Navea Susana, Tauler Romá, Goormaghtigh Erik, de Juan Anna
Chemometrics Group, Department of Analytical Chemistry, Universitat de Barcelona, Barcelona, Spain.
Proteins. 2006 May 15;63(3):527-41. doi: 10.1002/prot.20890.
Protein classification and characterization often rely on the information contained in the protein secondary structure. Protein class assignment is usually based on X-ray diffraction measurements, which need the protein in a crystallized form, or on NMR spectra, to obtain the structure of a protein in solution. Simple spectroscopic techniques, such as circular dichroism (CD) and infrared (IR) spectroscopies, are also known to be related to protein secondary structure, but they have seldom been used for protein classification. To see the potential of CD, IR, and combined CD/IR measurements for protein classification, unsupervised pattern recognition methods, Principal Component Analysis (PCA) and cluster analysis, are proposed first to check for natural grouping tendencies of proteins according to their measured spectra. Partial Least Squares Discriminant Analysis (PLS-DA), a supervised pattern recognition method, is used afterwards to test the possibility to model explicitly each protein class and to test these models in class assignment of unknown proteins. Determination of the protein secondary structure, understood as the prediction of the abundance of the different secondary structure motifs in the biomolecule, was carried out with the local regression method interval Partial Least Squares (iPLS). CD, IR, and CD/IR measurements were correlated to the fraction of the motif to be predicted, determined from X-ray measurements. iPLS builds models extracting the spectral information most correlated to a specific secondary motif and avoids the use of irrelevant spectral regions. Spectral intervals chosen by iPLS models provide structural information which can be used to confirm previous biochemical assignments or identify new motif-related spectral features. The predictive ability of the models built with the selected spectral regions has a quality similar to previous classical approaches.

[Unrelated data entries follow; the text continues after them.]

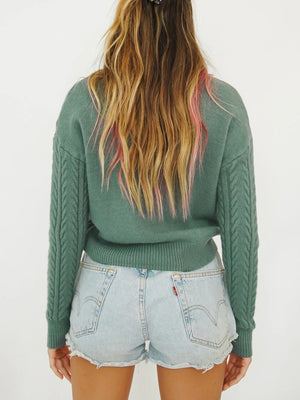 Cable Knit Turtleneck Long Sleeve Sweater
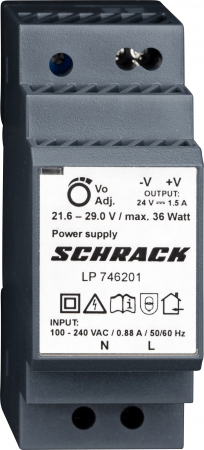 Echipamente Schrack - Sursa monofazata, electronica, modulara, 230/24VDC, 1,5A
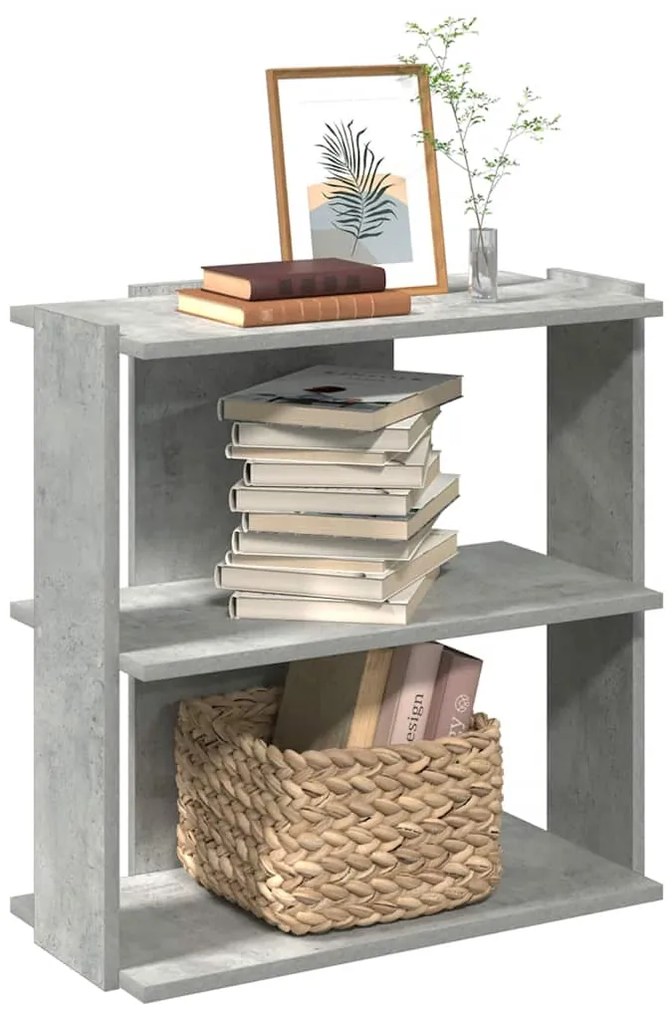 vidaXL Bibliotecă cu 3 niveluri gri beton 60x30x60 cm lemn
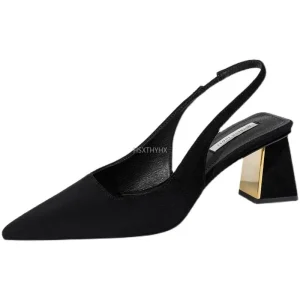 Women Shoes Suede High Heels Pointed Toe Slingbacks Thick High Heel Pumps Autumn Lady Party Heels Black 35-40 Women Shoes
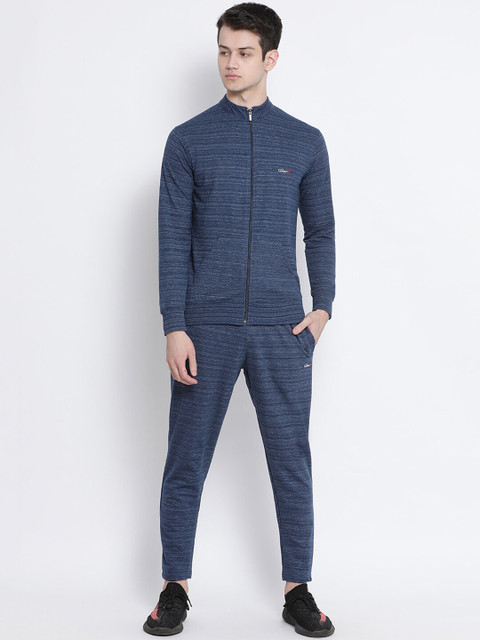 

Genx Men Navy Blue Self Design Tracksuit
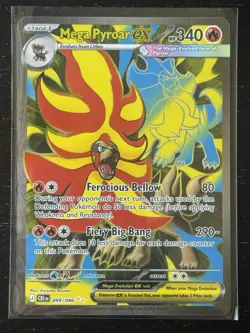 Mega Pyroar ex 099/086 Ultra Rare ME04: Chaos Rising Pokemon Near Mint - Image 1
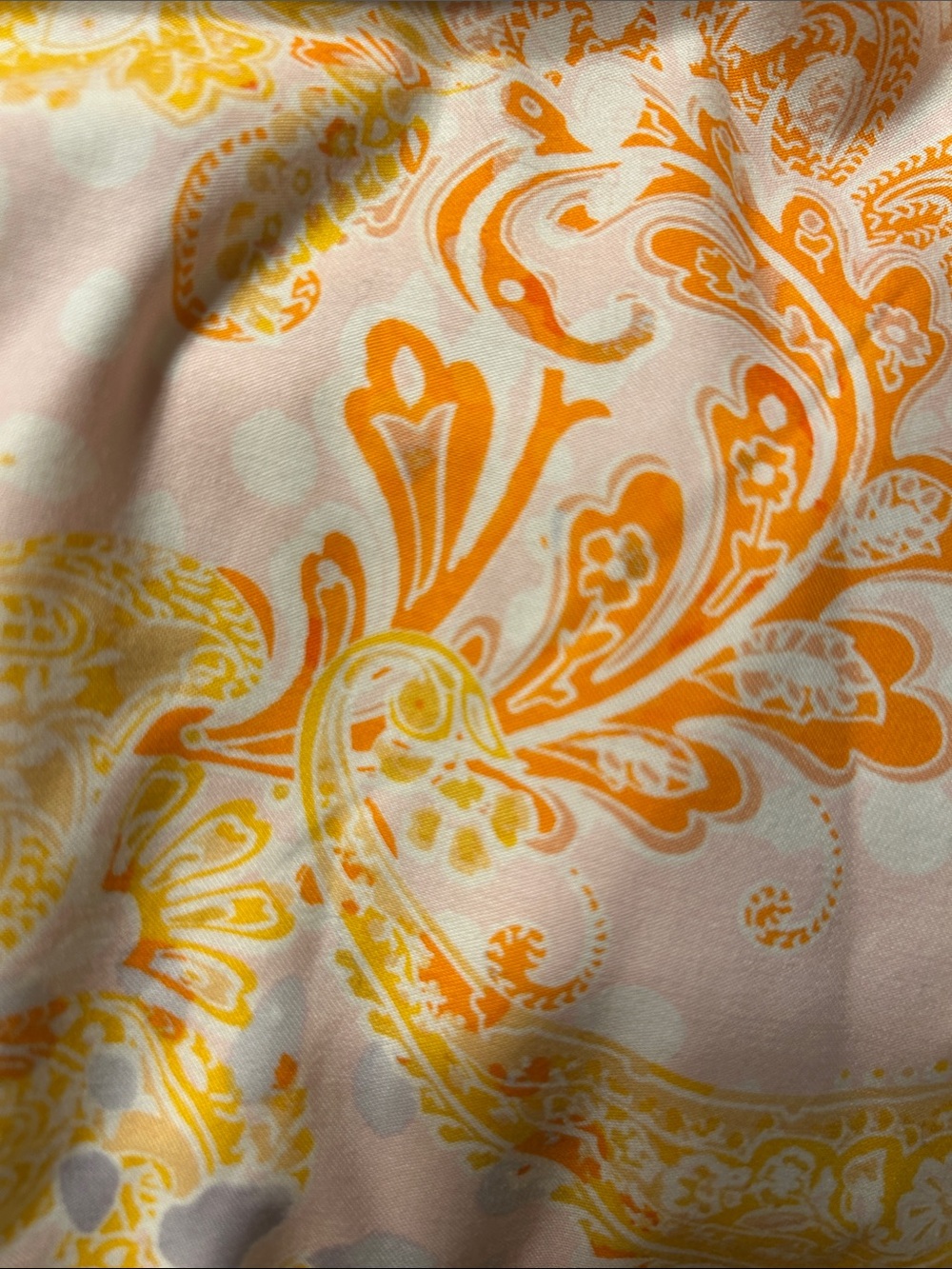 🧸Chico’s no iron Paisley Button-Up Blouse in Peach, Orange & Yellow size 4 GUC - Picture 7 of 7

蛋白质分类与表征常常依赖于蛋白质二级结构中所包含的信息。蛋白质类别归属通常基于X射线衍射测量(这需要蛋白质呈结晶形式)或基于核磁共振光谱,以获取溶液中蛋白质的结构。简单的光谱技术,如圆二色性(CD)和红外(IR)光谱,也已知与蛋白质二级结构相关,但它们很少用于蛋白质分类。为了探究CD、IR以及CD/IR组合测量用于蛋白质分类的潜力,首先提出了无监督模式识别方法,即主成分分析(PCA)和聚类分析,以根据蛋白质的测量光谱检查蛋白质的自然分组趋势。随后使用偏最小二乘判别分析(PLS-DA),一种有监督模式识别方法,来测试明确为每个蛋白质类别建模的可能性,并在未知蛋白质的类别归属中测试这些模型。蛋白质二级结构的测定,即预测生物分子中不同二级结构基序的丰度,是用局部回归方法区间偏最小二乘法(iPLS)进行的。CD、IR和CD/IR测量与从X射线测量确定的待预测基序的比例相关。iPLS构建模型,提取与特定二级基序最相关的光谱信息,并避免使用不相关的光谱区域。iPLS模型选择的光谱区间提供了结构信息,可用于确认先前的生化归属或识别与新基序相关的光谱特征。用所选光谱区域构建的模型的预测能力与先前的经典方法具有相似质量。